I haven't published the results of that one, as I am not sure everyone would be comfortable with me pasting their names here. So I will leave it for you to work it out by joining the community ;-)

So far we have avoided creating topic specific channels, as traffic is not overwhelming in the General channel, and users have been very good at making use of Slack's thread facilities. Obviously we may need to review this as time goes by, but at the moment I think we have struck a good balance between inclusion and digestibility.

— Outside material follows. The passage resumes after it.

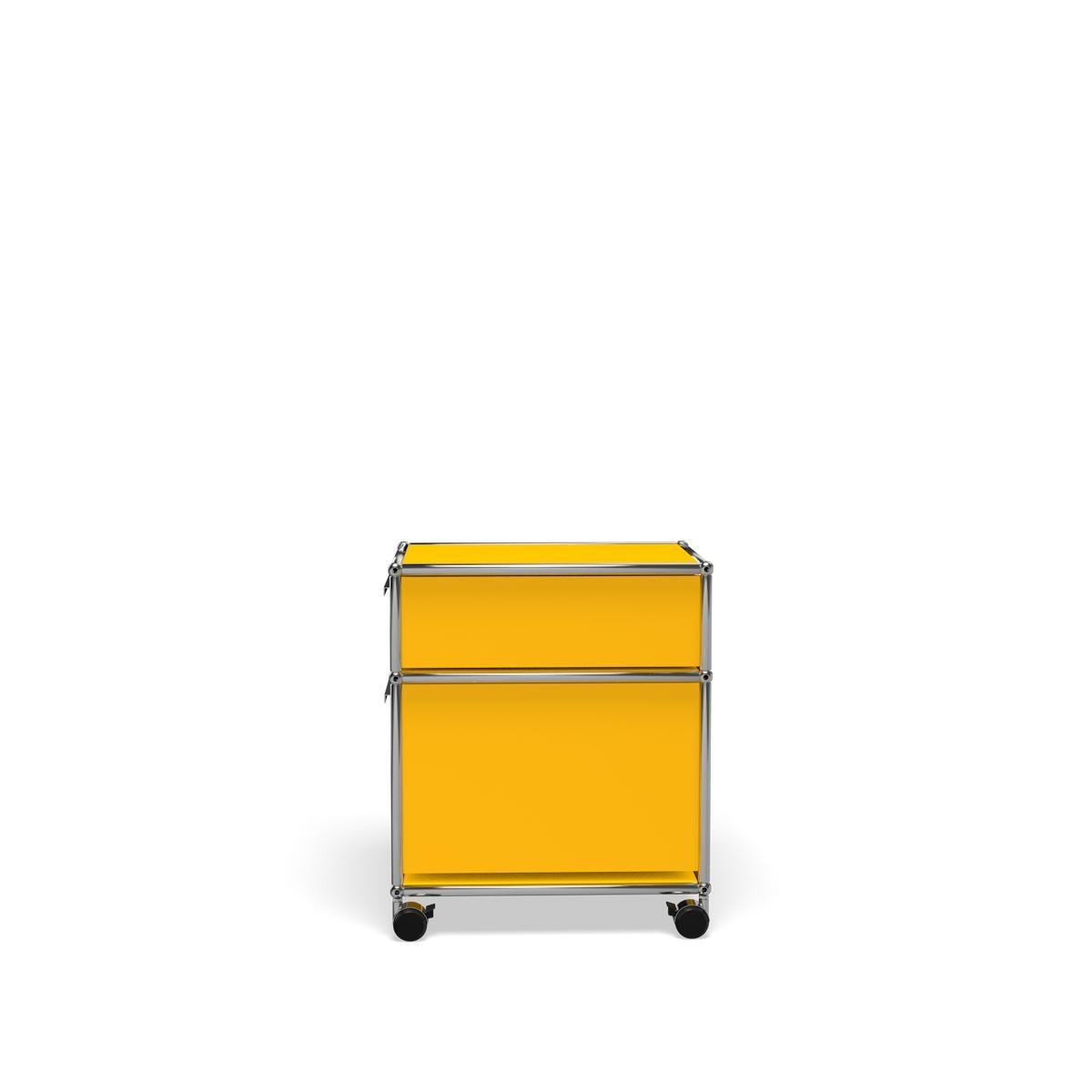 En vente : Yellow (Golden Yellow) Système de rangement USM Haller Pedestal M 3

One last thing to mention, Lauren Wood and I (Adam Retter) are the Slack admins. So far our job has been easy, we have had no violations of our Code of Conduct. We needed to gently remind one new user that this wasn't really the place for unsolicited advertising of their product. To be clear we are happy for people to announce new releases of their software and tool etc, but it has to be within the spirit of the community. If anybody does need to talk to us in our role as admins, feel free to reach out.